On July 26-30, 2017, the 1st North American Social Networks (NASN) Conference, a regional conference of the International Network of Social Network Analysis (INSNA), hosted a conference in Washington, D.C. The NASN conference provides an interdisciplinary venue for social scientists, mathematicians, computer scientists, ethnologists, epidemiologists, organizational theorists, public health experts, and others to present current work in the area of social networks.
The conference’s prominent keynote speaker was David Lazer, Distinguished Professor of Political Science and Computer and Information Science, Northeastern University, and Co-Director, NULab for Texts, Maps, and Networks.
Joe Shaheen, Computational Social Science PhD student within the Department of Computational and Data Sciences, was invited to present his paper “Combining Social Network Analysis with Agent-based Modeling to Reproduce an ISIS Social Media Network” at this conference. The paper focused on using social effects to reproduce a collected friend and follow network from social media using bottom-up growth.

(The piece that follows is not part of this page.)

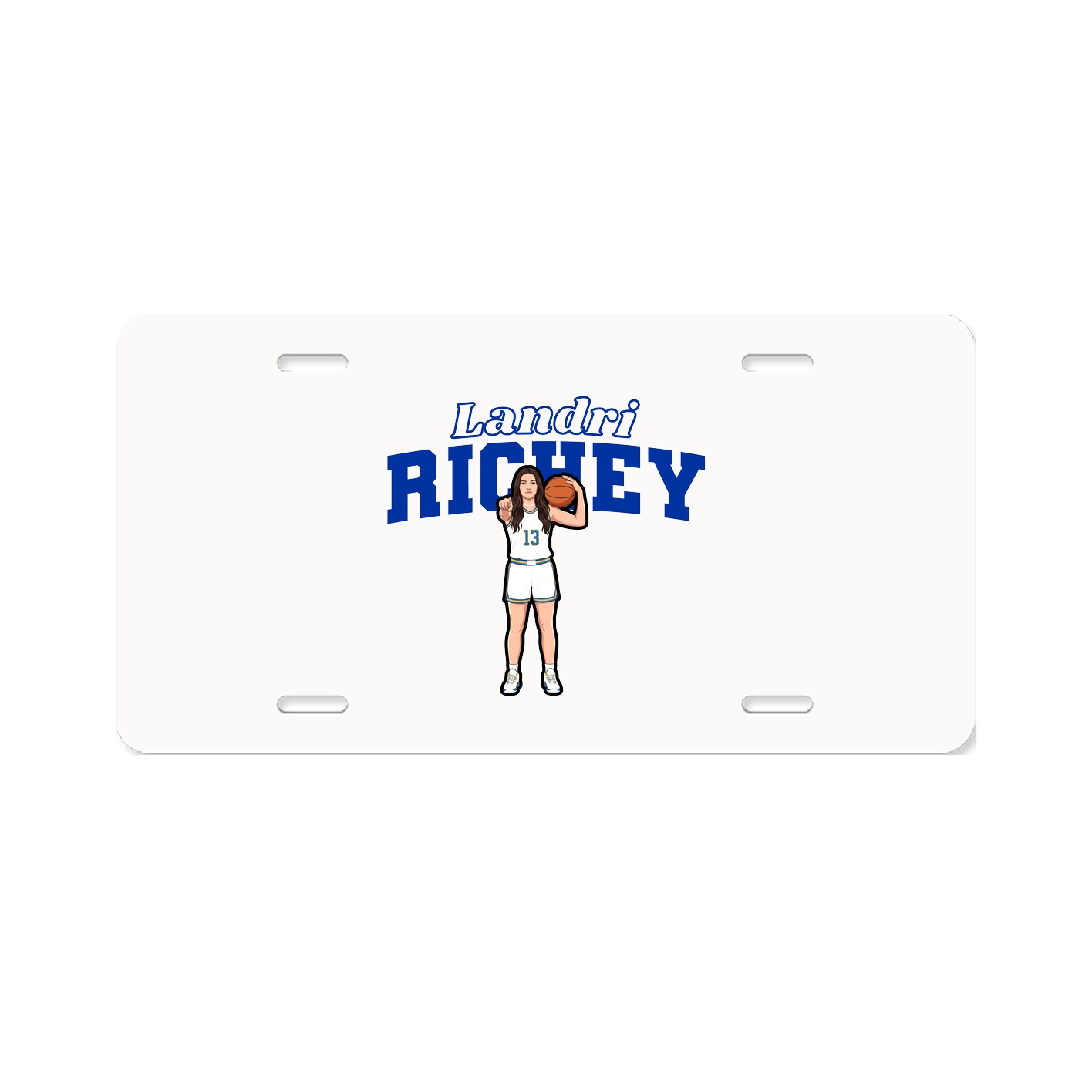 License Plate — Name Arch in Classic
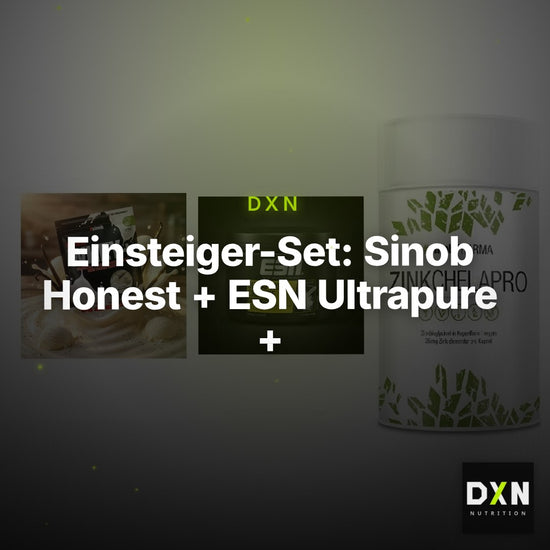 Einsteiger-Set: Sinob Honest + ESN Ultrapure + Sinob Zink – Clean Showcase Plus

An agent-based model is developed to understand the behaviors and rule-sets that generate social media networks. Simple rules are used to synthetically generate a backcloth (friend/follow) network collected using the Twitter API. The Twitter network was collected using seed accounts for known terrorist propaganda accounts. Model parameter adjustments were made to reproduce the collected net-work’s summary statistics and stylized specifics such as average degree, clustering, community size and distribution, as well as general structural metrics. An approximate network was produced in line with the general properties of our collected data. In this paper, we present our findings on the reproduction of a social media network with a focus on testing similarity of summary statistics and structural properties. We find that it is possible to generate a social media network utilizing a few simple rules and a unique time-rule which sets varying interaction rates on entry of new nodes in comparison to existing node activity. We call this time rule mechanism a coupled rule-set. We also present weaknesses in our reproduction and propose an extension of the model for future work which could better reproduce more exact network properties.